Rebellion of formal education and the inability to follow tradition resulted in Oppenheim’s Schoolgirl's Notebook, (1930). A notebook she gifted to her father, it was published in a surrealist magazine in 1957 by Andre Breton.
Daphne and Apollo (1943), a large piece done during World War II, renders mythical figures as surrealist-inspired vegetables. This is unbridled sexuality put on display with these iconic individuals reduced to personality-less objects. At least Daphne appears somewhat human, whereas Apollo seems to be a conglomeration of phalluses: reduced to a mere overly active sexual organ.
Genevieve Hovering over the Water (1957) has the feeling of a found object. It looks like a random panel of wood with a gaping hole, representing Genevieve reduced to an abstract shape. Abstraction was at its height in the 50s, and Oppenheim injected her unique sense of Surrealism into the genre.
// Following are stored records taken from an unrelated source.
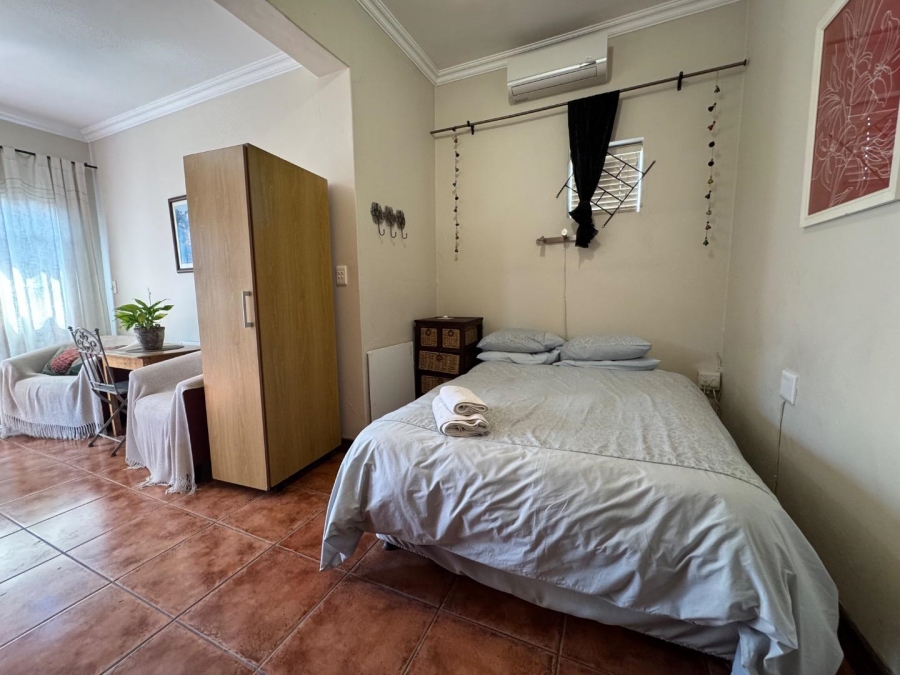 6 Bedroom Property for Sale in Waterkloof Gauteng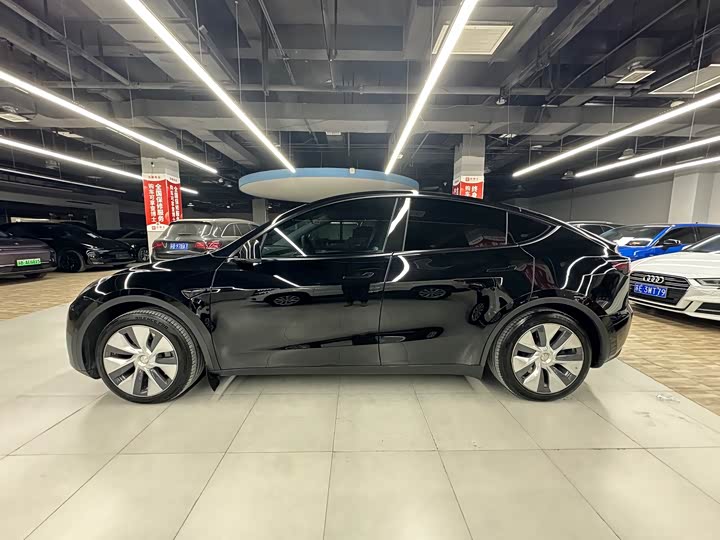 Фото 3 - Tesla Model Y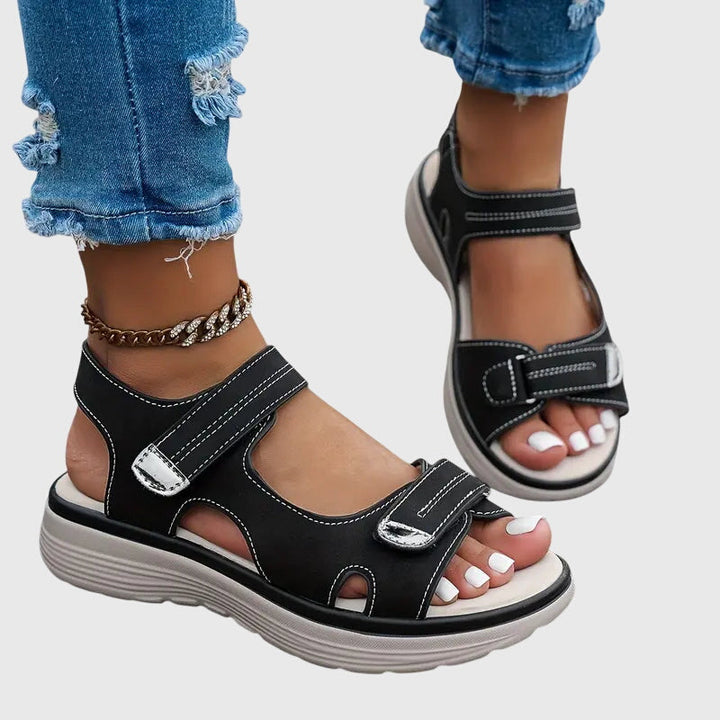 Casual women's summer sandals, comfortable and supportive for walking, ensuring foot pain relief.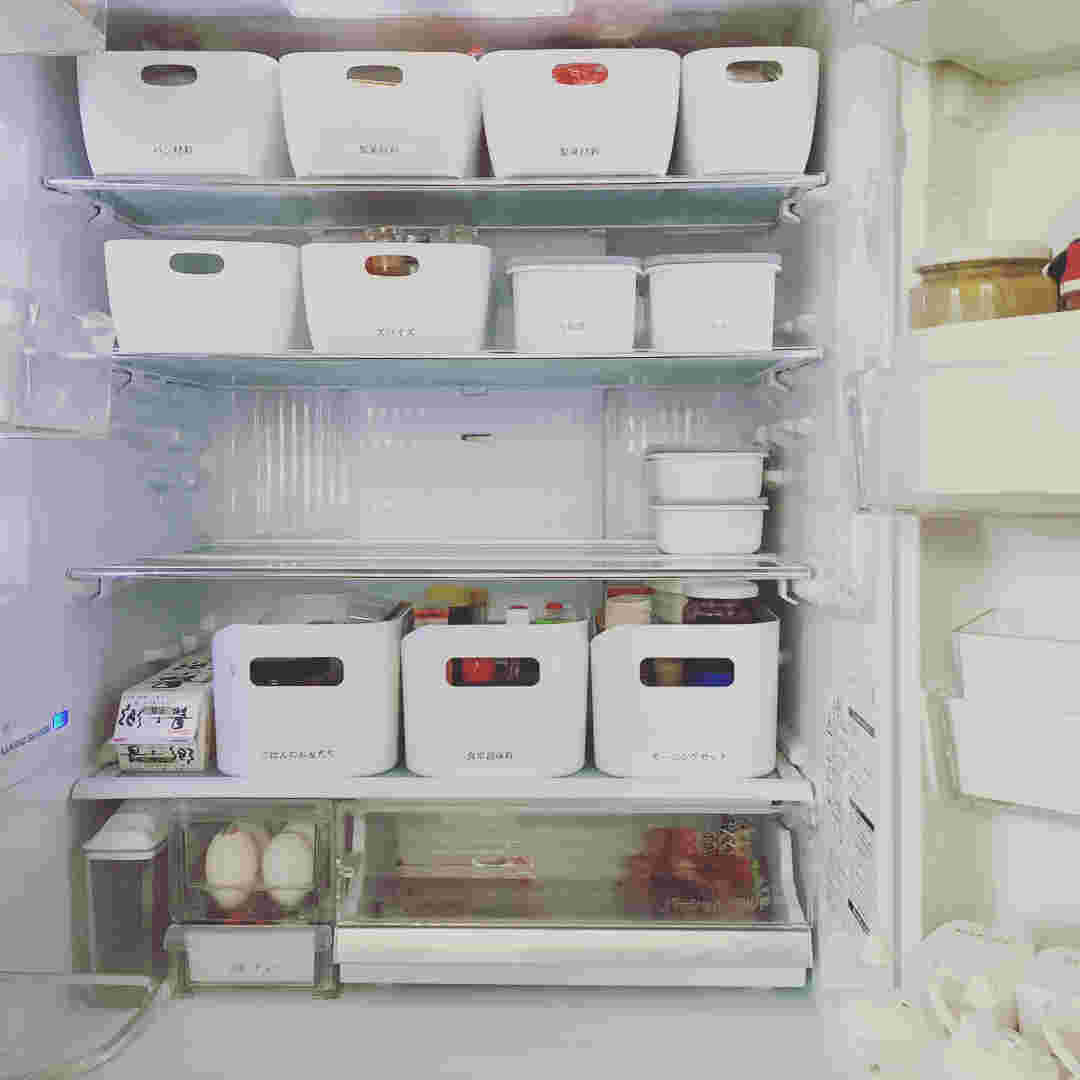 冷蔵庫内をセリアのプラケースで収納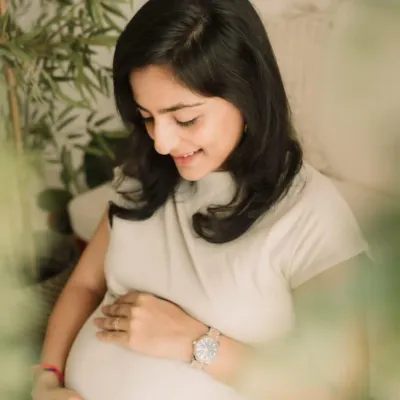 A serene and glowing mom-to-be. For this maternity shoot, we went with a very natural and soft makeup look to enhance her beautiful pregnancy glow.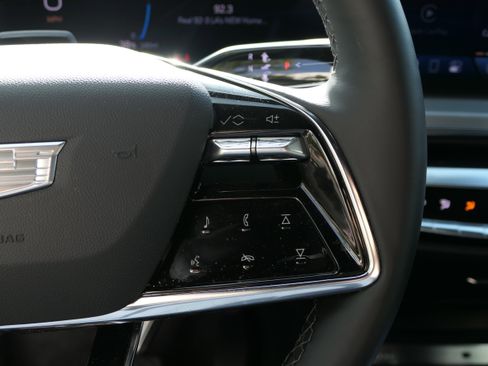 New 2026 Cadillac Lyriq Premium Luxury AWD/4WD image 17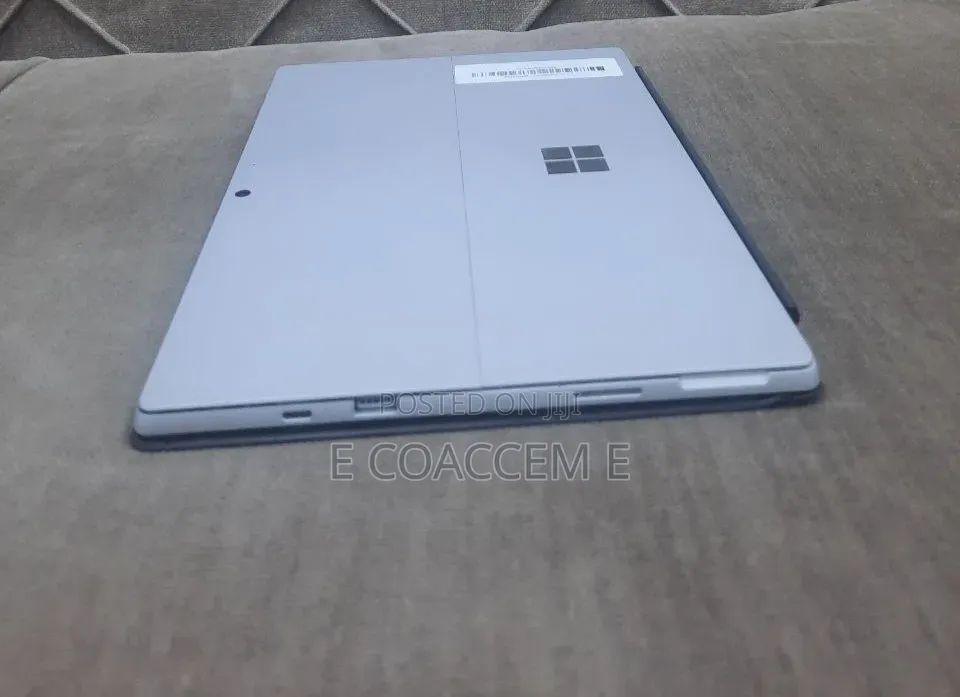 New Laptop Microsoft 16GB Intel Core i7 SSD 512GB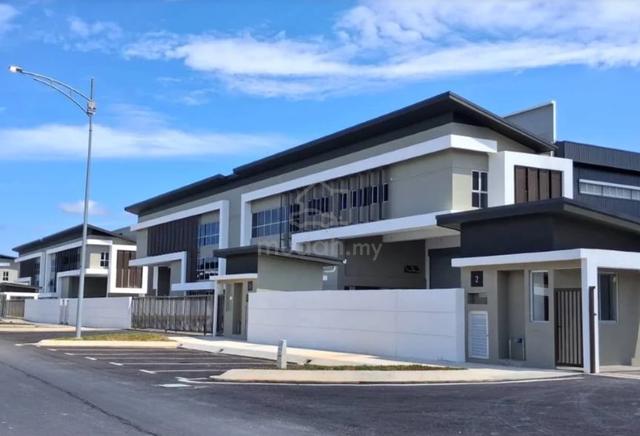 [NEAR TO TEBRAU] 0.5 acre Semi D Factory Beside Senai Desaru Highway 1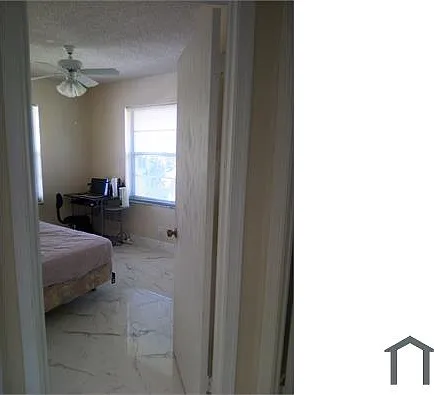 9911 Three Lakes Cir — Photo 5
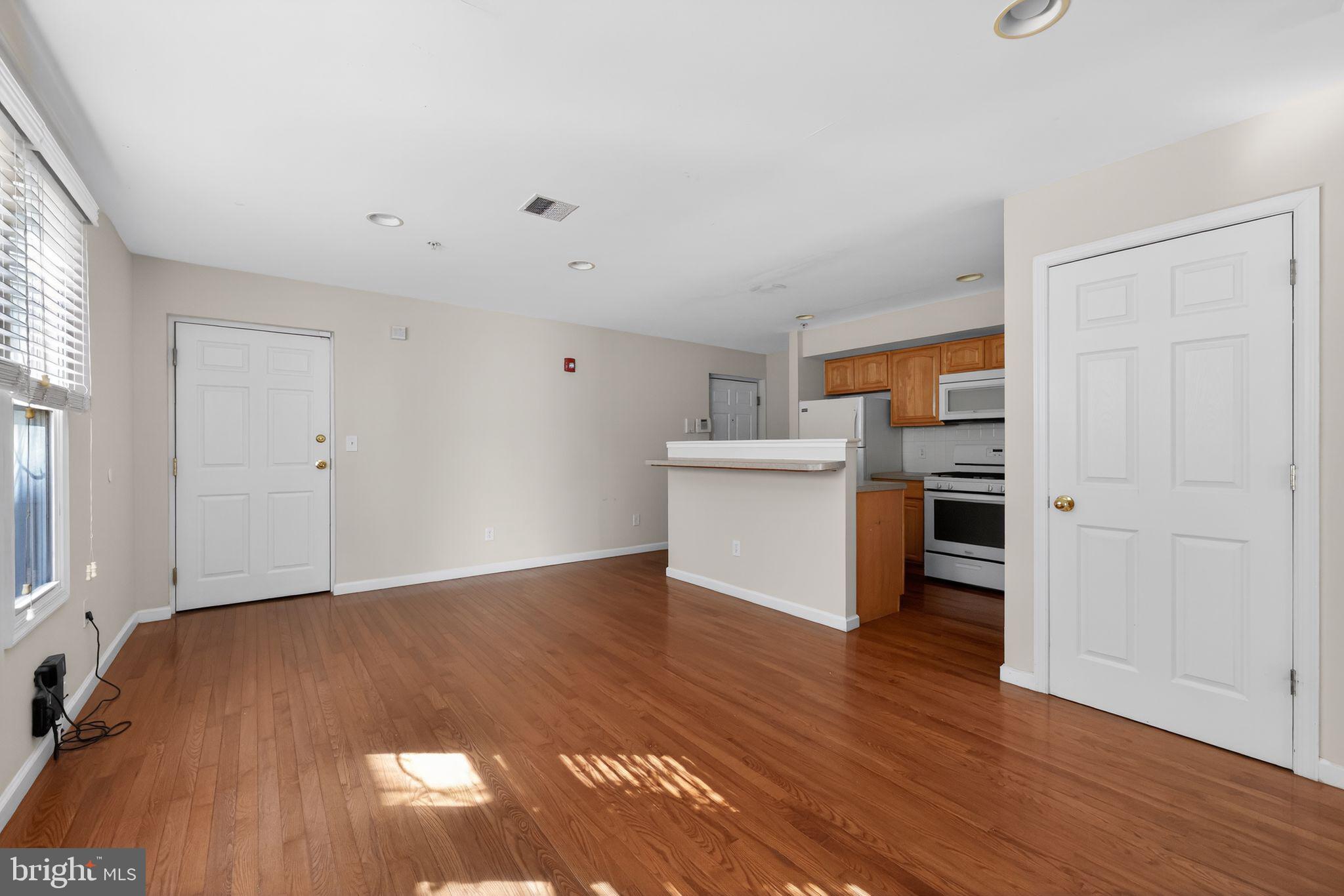 1521 N 15TH STREET 6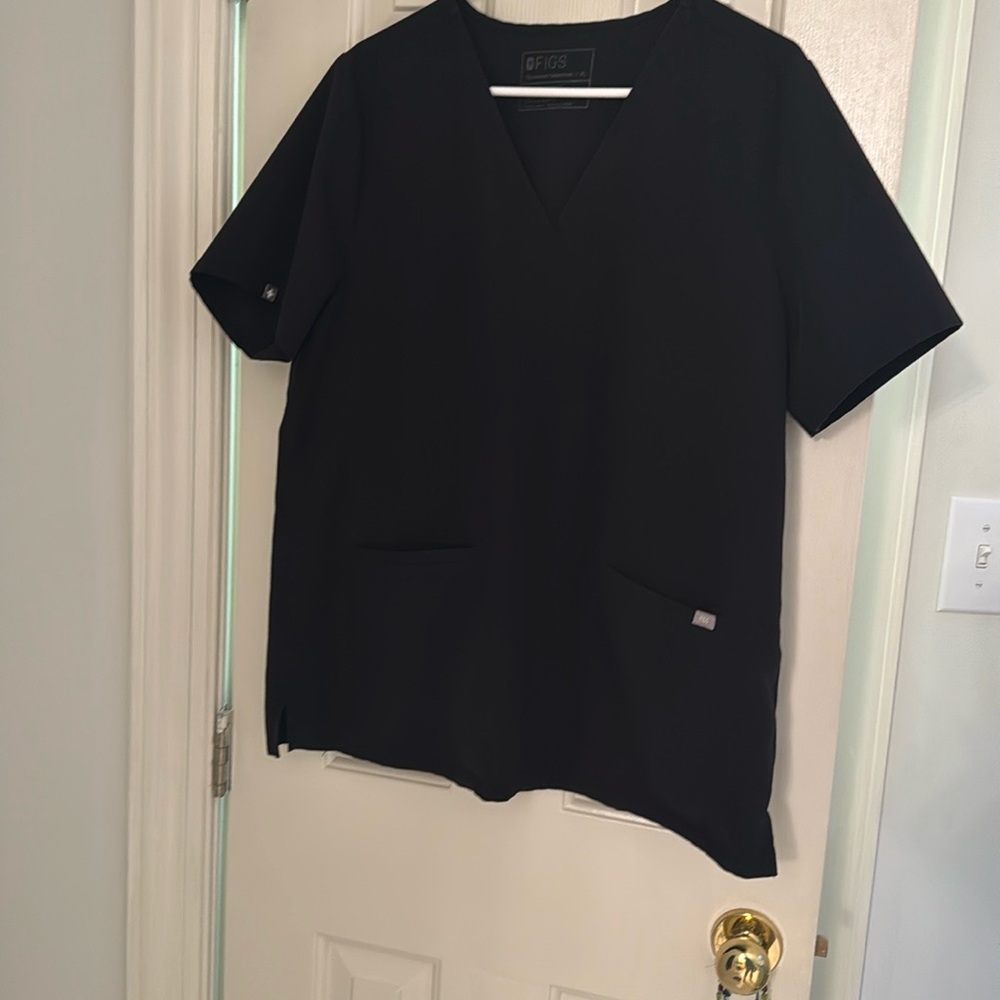Figs Casma 3 pocket Black V-Neck Scrub Top. Size xl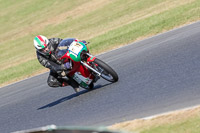 Vintage-motorcycle-club;eventdigitalimages;mallory-park;mallory-park-trackday-photographs;no-limits-trackdays;peter-wileman-photography;trackday-digital-images;trackday-photos;vmcc-festival-1000-bikes-photographs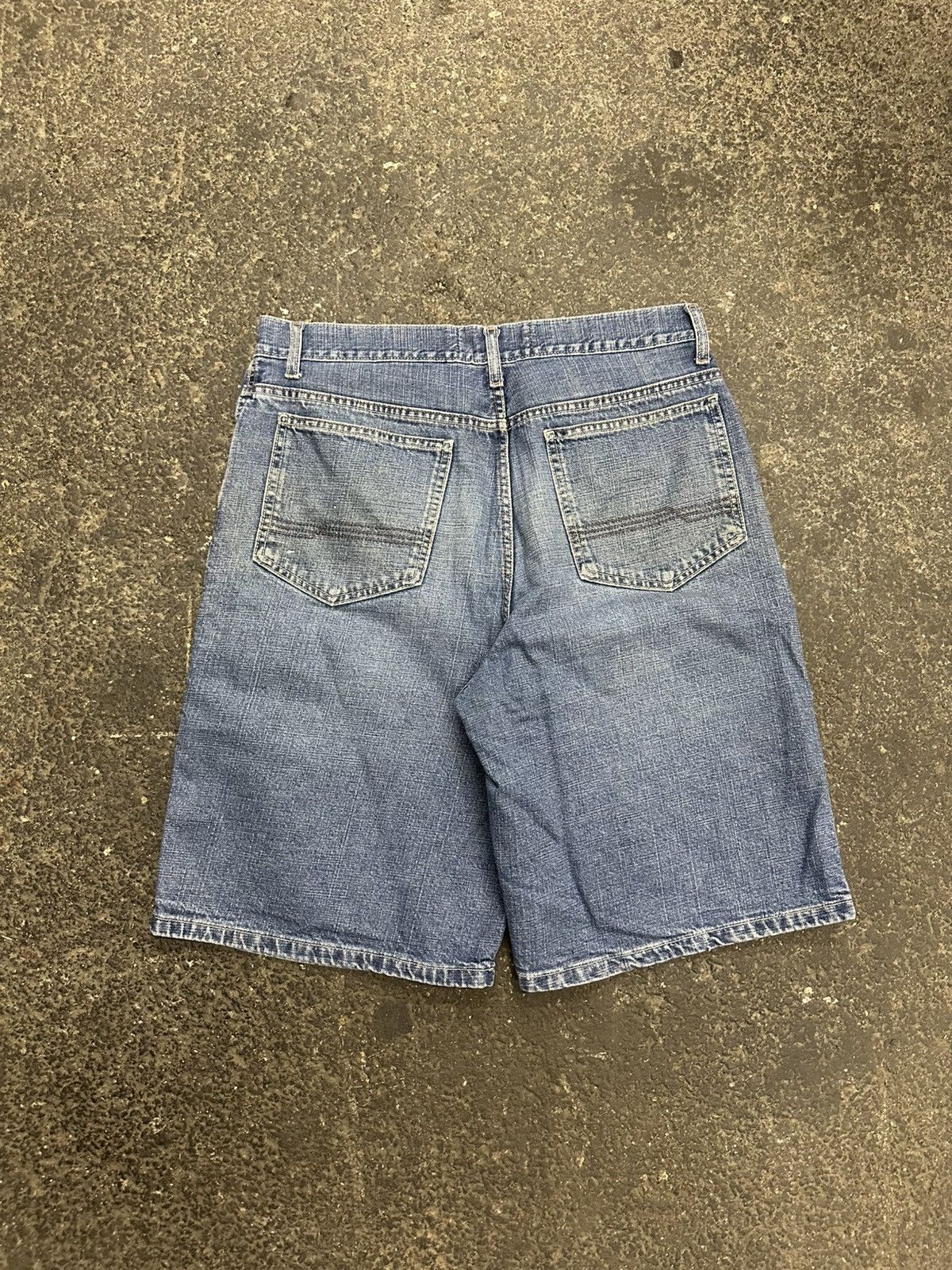 Foot Locker × Vintage Y2K baggy jorts Size US 34 / EU 50 - 1 Thumbnail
It's as if Oppenheim saw herself as a lone, floating, undeveloped entity, occupying the limitless realm of abstraction.
Miss Gardenia, (1962) plays with the idea of portraiture itself. The sitter’s face is reduced to a solitary form —the nose — with the suggestion of gardenias throughout the piece honoring the namesake of the subject. Or, it could be the essence of the subject, as Miss Gardenia's very existence is struggling to break through the boundaries of the canvas. Like Oppenheim’s first oil painting, the faceless suggestion reveals a continually regenerating, evolving awareness of self and creation. The future is blank and unformed, holding vast mysterious potential.
Six Clouds on a Bridge (1975) solidifies the lighter-than-air phenomenon of clouds. It's a sculpture that encapsulates the whole of Oppenheim's career: not only her early surrealist pictures but also the objects she created — either found or manufactured — and her performances, as the sculptures resemble actors or dancers on stage. The binaries of inanimate and animate, objective and subjective art become merged in this work. Surrealism and abstraction, like Apollo and Daphne, come together with their offspring manifesting in this hybrid form.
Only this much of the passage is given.